Глава «Пророческая теодицея атомного Иова: предельный опыт переживаемой катастрофы» помещает Книгу Иова в центр всей авторской концепции. Иов предстает не только древним праведником, но и архетипом человека катастрофической эпохи, лишенного собственности, семьи, здоровья, общественного положения и понятных объяснений. Его друзья представляют разновидности «малой теодицеи»: они исходят из жесткой причинной схемы, согласно которой страдание непременно свидетельствует о личной вине. Автор убедительно показывает несостоятельность такого подхода. Поиск скрытого греха превращает собеседников Иова в обвинителей и лишает их способности сострадать. Сам Иов, напротив, проходит через протест, плач и недоумение, но не разрывает отношений с Богом. Его вопрос постепенно перемещается от причинного «за что?» к телеологическому «для чего?». Бачинин особенно выделяет исповедание: «Вот Он убивает меня, но я буду надеяться». В этой формуле он обнаруживает парадоксальную вершину веры, не зависящей от благополучного исхода. Теодицея Иова не дает исчерпывающей информации о механизме страдания, но показывает, что встреча с Богом превосходит объяснение. Праведник получает не философскую схему, а откровение Божьего величия, после чего его опыт обретает иной масштаб. Иов становится «атомным» потому, что его духовная позиция способна служить ориентиром человеку Освенцима, Хиросимы и ядерной угрозы.
Завершающая первую часть глава «История Иосифа и его братьев — ключ к шифру теодицеи» дополняет иовскую модель повествованием о промыслительном превращении человеческого зла в благо. Братья Иосифа совершают зло сознательно: ими движут зависть, ненависть и желание избавиться от избранного отцом брата. Бог не объявляет их поступок добрым, но включает его последствия в более широкий замысел спасения семьи и многих людей от голода. Для Бачинина принципиально важно различать намерение человеческих субъектов и действие провидения. Теодицея не требует переименовать зло в добро; она утверждает, что зло не обладает окончательным суверенитетом и может быть преобразовано Богом. В отличие от Книги Иова, где смысл страдания остается в значительной степени сокрытым, история Иосифа дает возможность ретроспективного понимания: спустя годы обнаруживается то, чего невозможно было увидеть из глубины рва, рабства или темницы.
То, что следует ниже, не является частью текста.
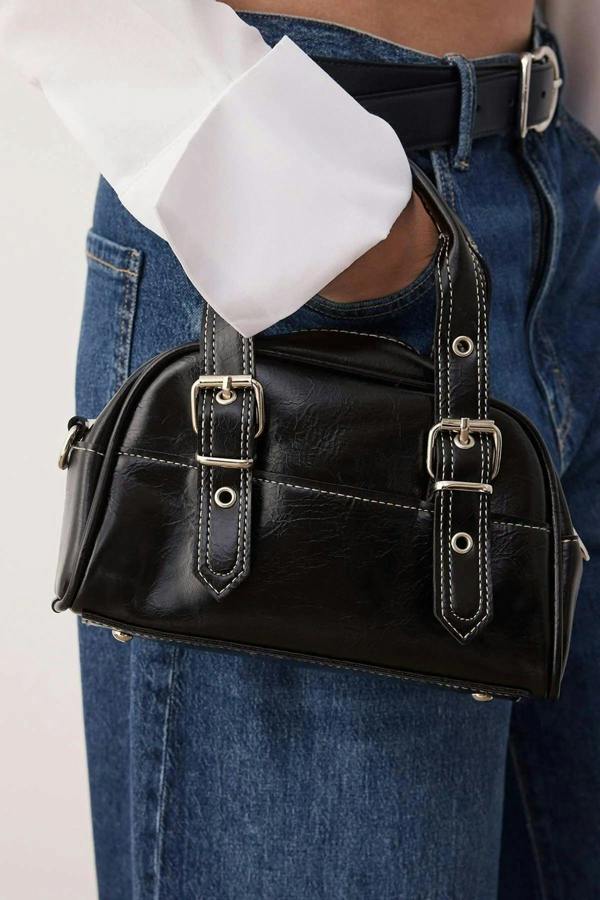 WOVCOR Women's Bowling Mini City Hand and Shoulder Bag with Contrast Stitching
Это одна из наиболее убедительных глав книги, поскольку авторская аргументация опирается здесь на внутреннюю логику библейского нарратива. Вместе с тем чрезмерное распространение модели Иосифа на всякое страдание было бы опасным: далеко не каждая трагедия получает в пределах земной истории наглядную компенсацию, а попытка преждевременно сообщить страдающему о будущем благе может стать столь же бесчувственной, как речи друзей Иова.
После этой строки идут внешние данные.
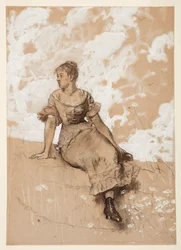Teckning, En sittande flicka; studie till "Trädgårdsmuren", 1878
Вторая часть, «Отдаление от Бога: выхолащивание веры и кризис теодицеи», переносит внимание с библейских архетипов на европейскую модерность. В главе «Сущность секулярной контрреформации» Бачинин предлагает собственную историософскую категорию. Секуляризацию он понимает не как нейтральный процесс функционального разграничения религии, государства, науки и культуры, а как наступательную духовную контрреформацию фаустовского типа. Реформация в авторской картине стремилась восстановить авторитет Писания, личную веру и прямую ответственность человека перед Богом, тогда как секулярная контрреформация постепенно перемещала центр бытия от Бога к автономному субъекту. Возникающее «великое безразличие» автор считает опаснее открытого атеизма: Бог не столько отрицается, сколько выводится за пределы реальной жизни. Секуляризм создает пространство, где человек привыкает жить, мыслить и принимать решения так, словно Бога нет. Атеизм становится завершением этого процесса, а его наиболее радикальные формы Бачинин связывает с массовым распространением демонических моделей богоотрицания. Сильной стороной главы является внимание к повседневной практической безбожности, которая действительно может сосуществовать с формальной религиозностью. Слабость проявляется в чрезмерно целостном образе «фаустовской цивилизации», стирающем существенные различия между научной рациональностью, политическим секуляризмом, нравственным гуманизмом и воинствующим атеизмом.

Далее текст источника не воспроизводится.